▸ Records provided:
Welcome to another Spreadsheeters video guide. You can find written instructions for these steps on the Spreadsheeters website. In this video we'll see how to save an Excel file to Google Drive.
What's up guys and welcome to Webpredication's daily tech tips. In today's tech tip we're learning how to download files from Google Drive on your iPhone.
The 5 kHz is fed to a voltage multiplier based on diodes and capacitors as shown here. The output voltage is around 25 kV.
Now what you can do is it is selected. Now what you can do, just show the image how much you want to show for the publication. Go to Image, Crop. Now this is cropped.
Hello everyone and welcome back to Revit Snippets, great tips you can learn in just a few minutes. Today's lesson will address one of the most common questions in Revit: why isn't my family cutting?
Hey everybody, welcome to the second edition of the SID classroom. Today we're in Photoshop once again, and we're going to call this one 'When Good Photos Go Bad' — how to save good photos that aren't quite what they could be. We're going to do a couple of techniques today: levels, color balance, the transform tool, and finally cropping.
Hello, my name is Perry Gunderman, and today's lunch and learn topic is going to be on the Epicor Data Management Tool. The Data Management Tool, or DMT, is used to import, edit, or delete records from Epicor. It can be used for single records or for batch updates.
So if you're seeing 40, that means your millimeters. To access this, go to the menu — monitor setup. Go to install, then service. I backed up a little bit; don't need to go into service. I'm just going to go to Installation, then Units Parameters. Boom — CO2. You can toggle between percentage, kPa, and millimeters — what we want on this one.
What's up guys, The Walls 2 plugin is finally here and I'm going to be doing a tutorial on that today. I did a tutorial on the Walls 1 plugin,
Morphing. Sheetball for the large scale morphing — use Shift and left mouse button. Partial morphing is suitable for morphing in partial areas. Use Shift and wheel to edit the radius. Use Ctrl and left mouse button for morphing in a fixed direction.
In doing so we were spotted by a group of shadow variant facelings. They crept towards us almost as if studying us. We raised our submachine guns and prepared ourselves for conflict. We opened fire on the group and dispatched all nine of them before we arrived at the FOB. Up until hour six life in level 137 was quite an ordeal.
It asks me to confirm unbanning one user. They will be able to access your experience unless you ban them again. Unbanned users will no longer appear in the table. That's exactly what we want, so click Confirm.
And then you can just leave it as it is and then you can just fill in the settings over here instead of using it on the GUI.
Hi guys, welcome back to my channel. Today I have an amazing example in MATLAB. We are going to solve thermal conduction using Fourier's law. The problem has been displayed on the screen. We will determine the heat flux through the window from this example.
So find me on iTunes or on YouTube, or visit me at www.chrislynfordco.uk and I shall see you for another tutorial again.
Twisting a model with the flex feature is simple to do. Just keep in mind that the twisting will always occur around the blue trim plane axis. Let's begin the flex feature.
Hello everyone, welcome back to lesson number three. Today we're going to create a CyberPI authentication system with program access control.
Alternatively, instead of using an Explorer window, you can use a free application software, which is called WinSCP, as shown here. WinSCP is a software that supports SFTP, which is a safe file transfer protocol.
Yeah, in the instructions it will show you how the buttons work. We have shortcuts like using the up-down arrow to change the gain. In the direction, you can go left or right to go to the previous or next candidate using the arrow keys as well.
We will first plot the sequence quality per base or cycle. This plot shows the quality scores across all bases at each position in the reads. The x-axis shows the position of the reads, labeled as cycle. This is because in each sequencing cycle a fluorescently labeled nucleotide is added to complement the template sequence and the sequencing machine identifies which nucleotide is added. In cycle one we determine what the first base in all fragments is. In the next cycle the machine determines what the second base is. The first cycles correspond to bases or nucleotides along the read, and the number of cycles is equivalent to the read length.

▸ Instructions to follow: Using the records above, write out exactly the lines between the one holding "Now what you can do is" and the one holding "Hey everybody, welcome", inclusive; leave everything else out.

▸ Exercise output:
Now what you can do is it is selected. Now what you can do, just show the image how much you want to show for the publication. Go to Image, Crop. Now this is cropped.
Hello everyone and welcome back to Revit Snippets, great tips you can learn in just a few minutes. Today's lesson will address one of the most common questions in Revit: why isn't my family cutting?
Hey everybody, welcome to the second edition of the SID classroom. Today we're in Photoshop once again, and we're going to call this one 'When Good Photos Go Bad' — how to save good photos that aren't quite what they could be. We're going to do a couple of techniques today: levels, color balance, the transform tool, and finally cropping.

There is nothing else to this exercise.